A Visit to the Autopsy Suite

By Emma Yasinksi
BU News Service, Spring 2015

It’s a good thing Jim Stone, M.D., pHd.,  doesn’t like the sunlight. His light, clean-shaven skin is untainted by UV rays. The windows of his office are lined with stacks of thin, white boxes blocking any natural light that might have crept through the opaque, gray blinds. The boxes contain microscope slides with tiny slivers of tissue, obtained from patients of the Massachusetts General Hospital, both dead and alive. The rows of boxes frame him on either side, as he sits in the center of the room, right leg crossed over his left, and politely asks me about the weather.

The Massachusetts General Hospital is one of a few remaining hospitals in the country   that still has an autopsy suite, and Stone directs it. Many smaller hospitals, and even some larger, have discontinued their autopsy programs in an effort to cut costs. Stone is proud to say that his hospital currently autopsies 15 percent of patients who die there, three times the estimated national average.

Four decades ago, pathologists autopsied 50-60 percent of the patients who died in hospitals, but the numbers declined because hospitals needed to cut costs, and insurance doesn’t cover dead people.  Many hospitals will pass the financial burden ranging from $3000-$5000 on to the patient’s family. Moreover, families don’t always agree to an autopsy.  At the Massachusetts General Hospital, the hospital itself funds autopsies. Stone won’t say it, but according to an analysis by Dr. Elizabeth Burton, a visiting professor at Johns Hopkins University, many clinicians fear litigation if an autopsy identifies a misdiagnosis.

As Stone describes the process to me, he uses his finger to demonstrate incisions on his own body. “You cut a ‘Y’ shape” His finger traces diagonally from his left shoulder down to his sternum, then straight down to his belly button. “And peel the skin back.” His hands open toward me like double doors leading me to his organs. His blue-grey eyes widen behind his thin-framed glasses. “Then you cut the ribs, and take off the chest plate.”

While many hospitals have discontinued their autopsy programs, the one at Massachusetts General Hospital has been growing since Stone took over. Doctors come from around the world to watch and learn from the autopsies done here. Beyond searching for cause of death, doctors use the autopsies to research ways to improve cancer treatments. By conducting several biopsies while the patient is living, then finally an autopsy upon death, pathologists are able to sequence genes in tumor cells, and begin to see exactly what changes  within the cells make them resistant to drugs. They also evaluate whether all the tumor cells throughout the body have mutated, or just the ones in certain areas.

The most exciting autopsies are those ones that identify a misdiagnosis, or an unidentified complication of treatment, Stone told me. These discrepancies show up in about 18 percent of autopsies.

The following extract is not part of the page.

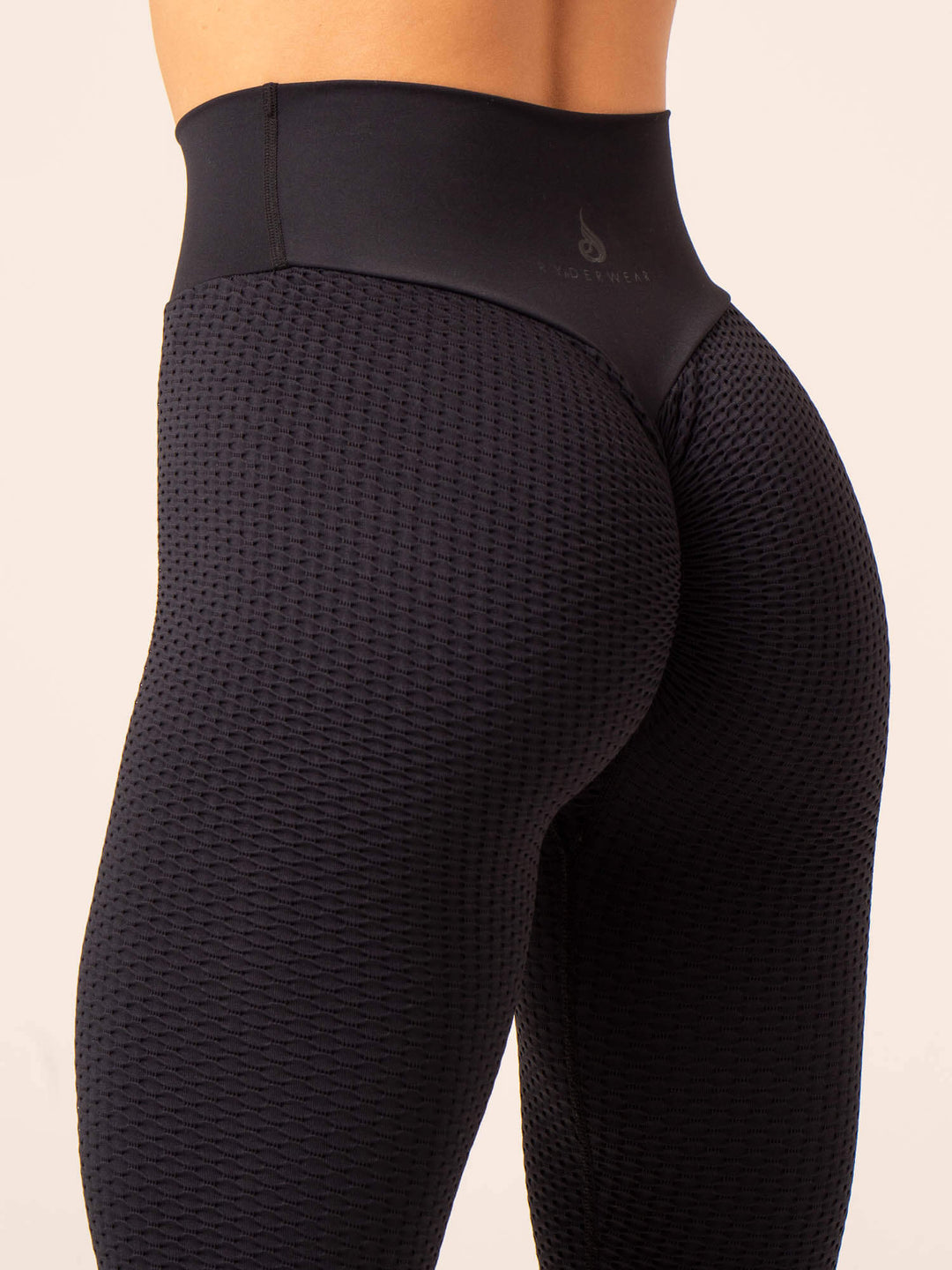 Honeycomb Scrunch Seamless Leggings - Black - Ryderwear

As we walked across the hospital, Stone’s gray collared shirt blended in with the painted-gray cement brick walls. Finally, he opened a weathered wooden door that revealed a staircase surrounded by dark, red bricks. We descended through a silent hallway to the morgue. The center of the room holds two L-shaped, metal tables. Half of each table is visible, and pierced with holes, about two inches in diameter. That’s where pathologists lay the body, so the fluids can drain. The other half of each table is covered in labmats, absorbent sheets nestled to create a soft-looking bed of blankets. “This is where you put the block of organs when you remove it from the body.” Stone said.

On the right side of the room, next to the metal sink, are stacks of small, white plastic buckets labeled, “Lung,” “kidney,” “lung.” Behind them, a giant post-it note on the wall listing the names of organs, each associated with a different number. “spleen-54R, 51L,”thyroid-L7, R8.” Stone explained that he can tell a lot about a person’s state of health by weighing his or her organs. Sometimes young people will die without a clear cause. For example, if their heart is heavier than a normal teenager’s, the doctor can deduce that the individual died of Hypertrophic Cardiomyopathy, a disorder characterized by thickening of the heart muscle, which leads to sudden death in teenagers and twenty-somethings.

After retracing our steps through the maze of white, tile floors, Dr. Stone shakes my hand and wishes me luck, leaving me outside of his office. I wander across the street to Starbucks to collect my thoughts. As I sip my decaffeinated mocha latte,I feel a little extra grateful for its warmth today.